→ **DIRECTIONS FOR THIS TASK**
The range runs from the line containing "New 2026 GMC" to the last line of the entries. Copy that range exactly, omitting pictures.
○ ○ ○ ○ ○ ○ ○
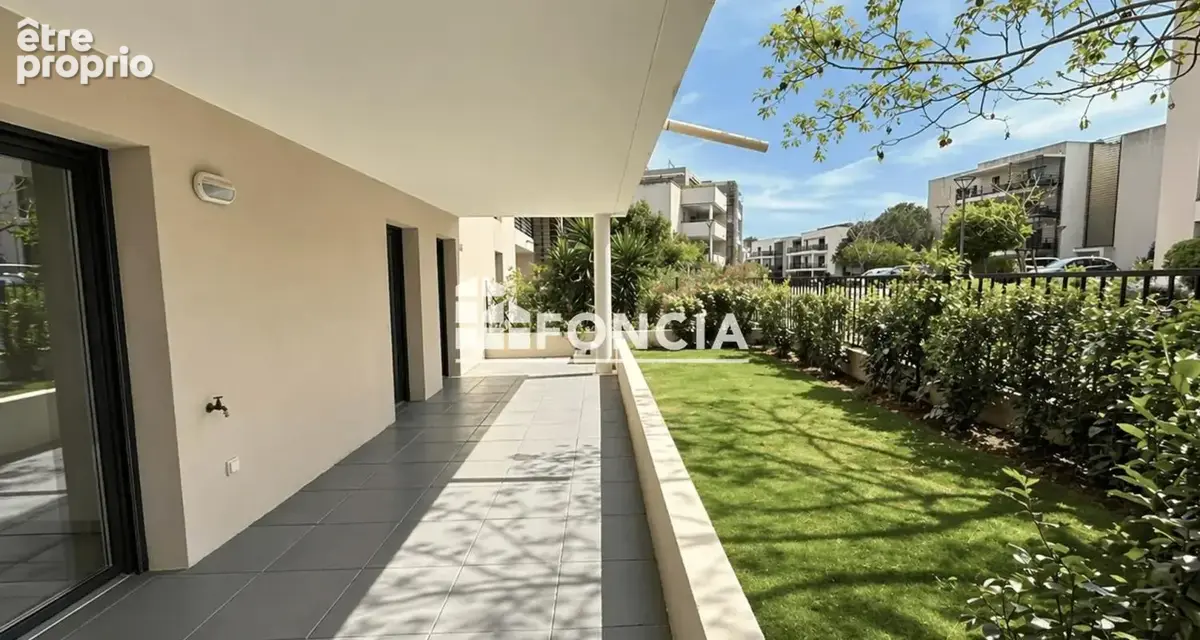 GRAND T3 en rez-de-jardin avec terrasse, jardin et piscine sur le toit - photo 1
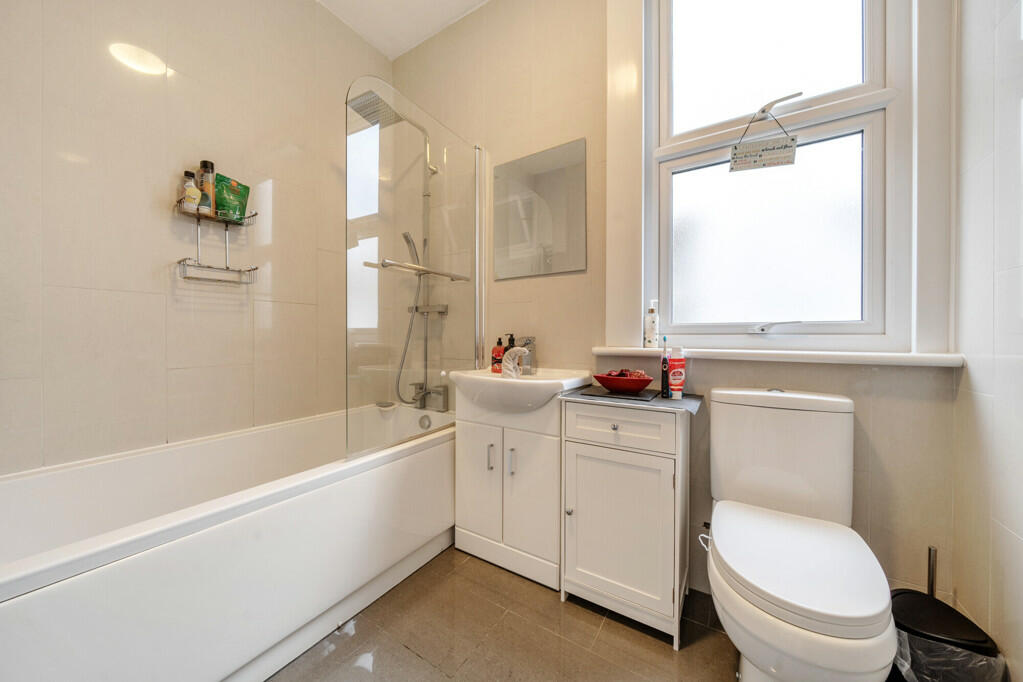 Additional property image - Avenue Road, Kent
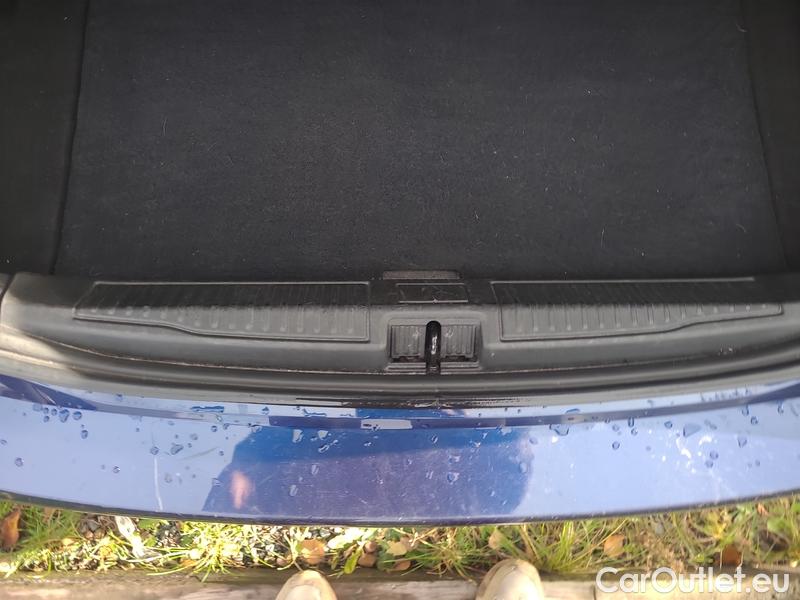  Alfa Romeo  Giulietta Giulia (952) (2016) Giulia 2.2Die210 Veloce AWD AT #17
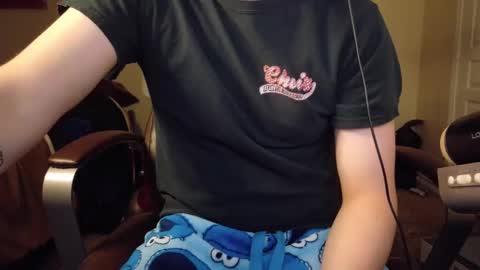 isaac online show from November 15, 6:15 am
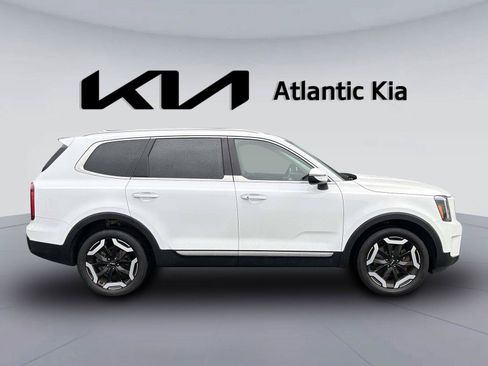 Certified 2023 Kia Telluride S w/ S Sunroof Package FWD image 5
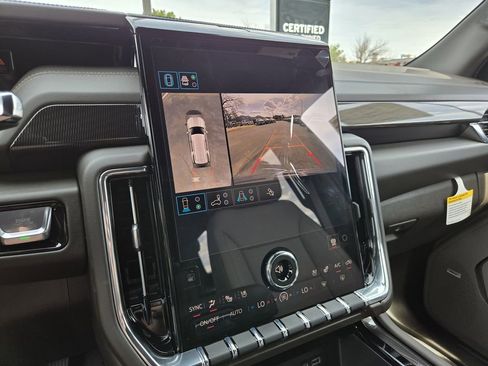 New 2026 GMC Yukon Elevation w/ Elevation Premium Package image 12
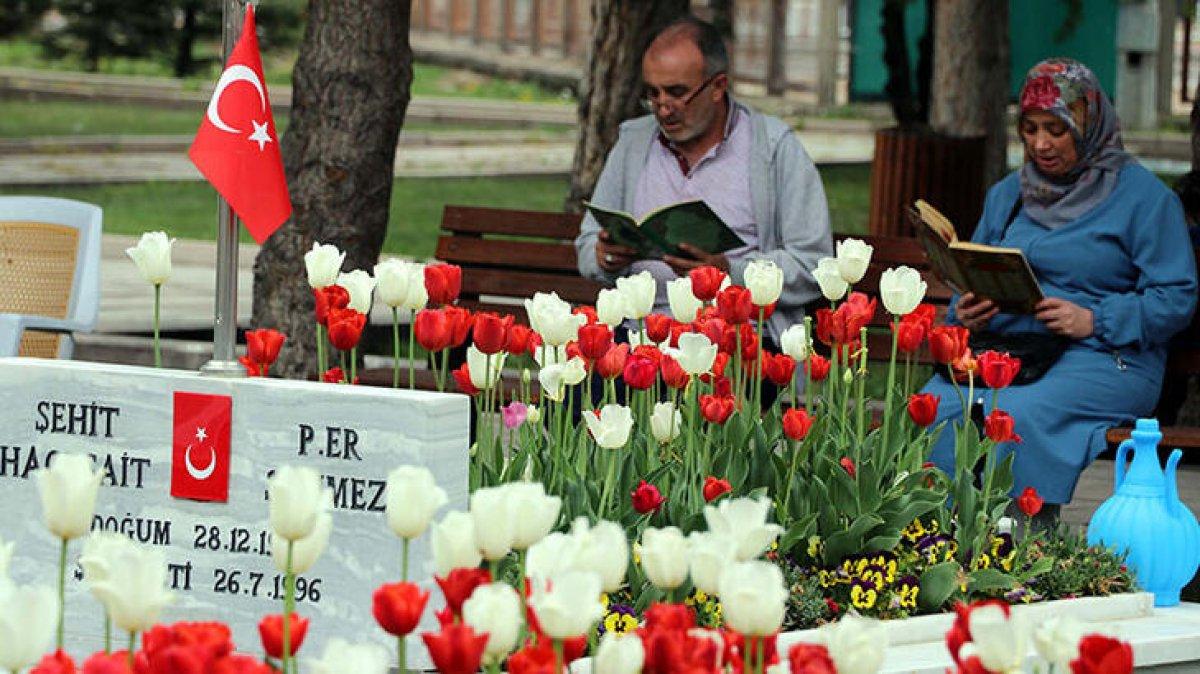 Ramazan Bayramı öncesi şehitlik ziyaretleri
○ ○ ○ ○ ○ ○ ○
→ **OUTPUT OF THE TASK**
 New 2026 GMC Yukon Elevation w/ Elevation Premium Package image 12
 Ramazan Bayramı öncesi şehitlik ziyaretleri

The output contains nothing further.